Lyrics for the first part were written by Alexander Kushner and sung by Grigory Gladkov, who also composed whole cartoon.

===Game===
The second part features the story of grandpa and his nephew playing the children game where the players periodically opens and shuts their eyes. And every time they are amazed with looking to something new in front of them.

This part was based on lyrics by Ovsey Driz and performed by Leonid Bronevoy and Alesha Pavlov.

===But maybe, but maybe...===
The final part is a parody of The Crow and the Fox, best known in Russian with the version by Krylov. The storytellers (Lev Shimelov and Alexander Levenbuk) can't remember the story plot, and they are trying to recall it.

Thus, instead of the crow from Krylov's story, a dog appears, and then a cow, and even a hippopotamus. The original fox is also replaced by an ostrich and then by a street cleaner.
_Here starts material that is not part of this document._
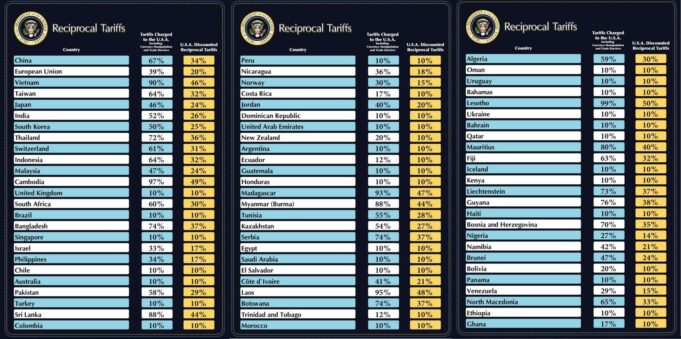 Trump establece un arancel global del 10 %, más alto para Asia y la UE Trump establece un arancel global del 10 %, más alto para Asia y la UE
At the end of the entirely distorted fable, a distorted moral is given: Don't stand and don't jump, don't sing and don't dance where there is construction in progress or heavy load hanging. (This is a pun on the two common Russian danger signs – "Don't stand under heavy load" and "Beware! Construction works in progress!").
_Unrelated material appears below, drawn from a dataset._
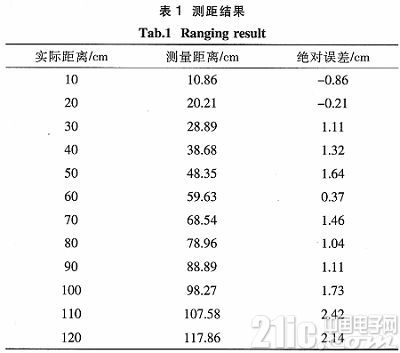 基于STC89C52单片机的超声波测距系统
The lyrics for the third part were written by Eduard Uspensky.

==Voice cast==
- Leonid Bronevoy
- Grigory Gladkov
- Lev Shimelov
- Alexander Levenbuk
- Alesha Pavlov

==Censorship==
At the time of release, the Soviet state officials wanted to ban the film because of (what they described) "ideological nonsense". Nevertheless, head of Kinopanorama television programme Xeniya Marinina and host and film director Eldar Ryazanov managed to show cartoon in one of editions of Kinopanorama on Soviet Central Television, bypassing the censorship.

==Production==
- Creation of the film required about 800 kg of soviet plasticine. Because of withered colors the plasticine was dye-colored.
- The music in the third part of the film was intended to sound in the ordinary tempo, but its total length appeared to be longer than the animation created (8 minutes instead of 5). While Tatarskiy was in doubt, the voices arrived. Then the genius decision came when Tatarsky remembered how the gramophone-recorded voice of Lenin was restored by varying speed of phonation. He griped the recording to the necessary length (5 min), and the song acquired its recognisable sounding.
- The music in the third part is borrowing heavily from the Irish folk song Whiskey in the Jar. The beginning of the second verse of the song ("Но тут лиса бежала...") in this part is based on George Harrison's song My Sweet Lord.